There is this question in the Cover and Thomas book "Elements of Information Theory".
Noise alphabets: Consider the channel Y = X + Z where X = {0, 1, 2, 3} and Z is uniformly distributed over three distinct integer values Z = {z1, z2, z3}.
(a) What is the maximum capacity over all choices of the Z alphabet?
Give distinct integer values z1, z2, z3 and distribution on X achieving this.(b) What is the minimum capacity over all choices for the Z alphabet?
Give distinct integer values z1, z2, z3 and distribution on X achieving this.
The solution given was
(a) Maximum capacity is C = 2 bits. Z = {10, 20, 30} and p(X) = (1/4, 1/4, 1/4, 1/4)
(b) Minimum capacity is C = 1 bit. Z = {0, 1, 2} and p(X) = (1/2, 0, 0, 1/2)
I don't quite understand how to arrive at the solution.
My thoughts for this question are as follows.
The maximum capacity $C = max I(X + Z ; Y)$ over $P_x$. Therefore, $C = H(Y) – H(Y|X+Z)$, and $H(Y|X+Z) = 0$. So I should maximize $H(Y)$, but I'm not sure how to do that.
Alternatively, $C = max I(X; Y-Z) = H(X) – H(X|Y-Z)$. Similarly, $H(X|Y-Z) = 0$, so $max H(X)$ becomes $log 4 = 2$, so the maximum capacity is 2 bits. And this can be achieved when $P_x$ is a uniform distribution, i.e. $P_x = (1/4, 1/4, 1/4, 1/4)$. Is my understanding correct?
I don't understand why those values of Z were chosen, and how the minimum capacity is obtained. For example, why can't the capacity be 0 bits? I know it makes no sense to have a channel and not send any bits, but isn't 0 a valid minimum capacity?
Best Answer
Answering your questions on the minimisation:
We can argue from the structure of the problem that the alphabet set of $Z$ must be $(a, a+1, a+2)$, for some integer $a$ (Ask me about this if this is unclear). Set $a = 0$ for convenience, since the decoder will know $a$, and can always subtract it.
Now, given this noise, we need to find the distribution $p_X$ that maximises $I(X;Y)$. I'll try to keep things fully analytic, no jumps of logic, no inspired guesswork.

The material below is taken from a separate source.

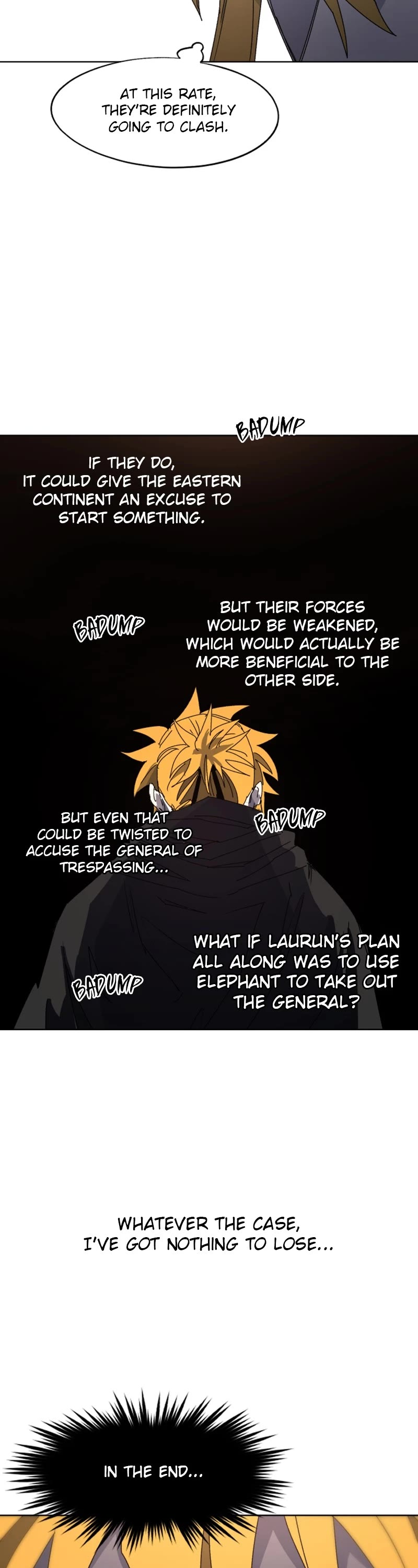 The Ember Knight Chapter 165 page 22 - Chapter 165: Episode 165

$I(X;Y) = H(Y) - H(Y|X) = H(Y) - H(X+Z|X)$
$ = H(Y) - H(Z) = H(Y) - \log_2 3$
So we're looking for the distribution of $X$ : $(p_0, p_1, p_3, p_4)$ that maximises H(Y). There's a dirty old analytic way to do this, using lagrange multipliers. (Note, I'll be doing this in natural logs, because they don't leave a dirty constant. This doesn't make a difference to the maximiser.)
Now, the distribution of $Y$ in terms of that of $X$ is as follows (convince yourself of this):
$\left(p_0/3, (p_0 + p_1)/3, (p_0+p_1+p_2)/3, (p_1+p_2+p_3)/3, (p_2+p_3)/3, p_3/3 \right)$
We want to run the optimisation: $$ \max_{(p_0, p_1, p_2,p_3)} \sum_{y=0}^5 -p_y\ln p_y$$ $$\text{Subject to } p_0 + p_1 + p_2 + p_3 = 1$$
Define $J = \sum_{y=0}^5 -p_y\log p_y + \lambda (p_0 + p_1 + p_2 + p_3 - 1)$
At the optimum:
$$\partial_{p_0} (J) = 0 \implies \log \left( (p_0)(p_1+p_0)(p_2+p_1+p_0) \right) = 3\lambda - 3 \tag{1}$$
$$\partial_{p_1} (J) = 0 \implies \log \left((p_1+p_0)(p_2+p_1+p_0)(p_3+p_2+p_1)\right) = 3\lambda - 3 \tag{2}$$
$$\partial_{p_2} (J) = 0 \implies \log \left((p_2+p_1+p_0)(p_3+p_2+p_1)(p_3+p_2)\right) = 3\lambda - 3 \tag{3}$$
$$\partial_{p_3} (J) = 0 \implies \log \left((p_3)(p_3+p_2)(p_3+p_2+p_1)\right) = 3\lambda - 3 \tag{4}$$
$$\partial_{\lambda}(J) = 0 \implies p_0 + p_1 + p_2 + p_3 = 1 \tag{5}$$
This is not so bad to calculate. Look at all terms with $p_0$ in them. When the product $(p_0+p_1)\log(p_0+p_1)$ is differentiated, differentiating the log will leave you with a 1, and differentiating the outer $p_0 + p_1$ will leave you with just the log.
Now, $(1) - (2) = 0$. This implies:
$$\log \frac{p_0}{p_1 + p_2 + p_3} = 0 \iff p_0 = p_1 + p_2 + p_3 \tag{$\alpha$}$$
$(4) - (3) = 0$. This implies:
$$\log \frac{p_3}{p_0 + p_1 + p_2 } = 0 \iff p_3 = p_0 + p_1 + p_2 \tag{$\beta$}$$
Solve out the two equations above, and feed them into equation $(5)$ to get $p_0 = p_3 = 0.5$
At this, the distribution of $Y$ is uniform over 6 characters.
Therefore, $C = \max\limits_{p_X} I(X;Y) = \log_2 6 - \log _2 3 = 1$. Phew.
Try to see what this is structurally doing. Suppose $X$ was uniform, then under this noise, I would be able to tell when the input was $0$ or $3$ to much greater accuracy than if it was $1$ or $2$. Why? Because whenever $Y= 0$ I know that the input is $0$, and similarly for $Y=5, X=5$. So a 'good' distribution for communication under this noise would be weighed more at $0$ and $3$.
To answer the other questions you raised:
Capacity can be zero, sure. For example, take $Z$ to be uniform over $\{ 1, 2, \dots ,N\}$. Then the capacity heads to $0$ as $n \to \infty$
What you're trying to do here is this: You know that your noise is uniform over 3 letters. You don't know which letters. Suppose the noise was the worst possible. At what rate would I still be able to communicate? This is the minimum capacity. It's the smallest of the maximum rates at which I could talk subject to varying noise.
(From your comments) You've calculated $H(Y|X)$ incorrectly.
$H(Y|X) = H(X+Z|X) = H(Z|X) = H(Z)$
Where the second equality comes from the fact that if I'm given $X$, I can always subtract it from any other random variable with 100% accuracy, and the last equality because $Z$ and $X$ are independent.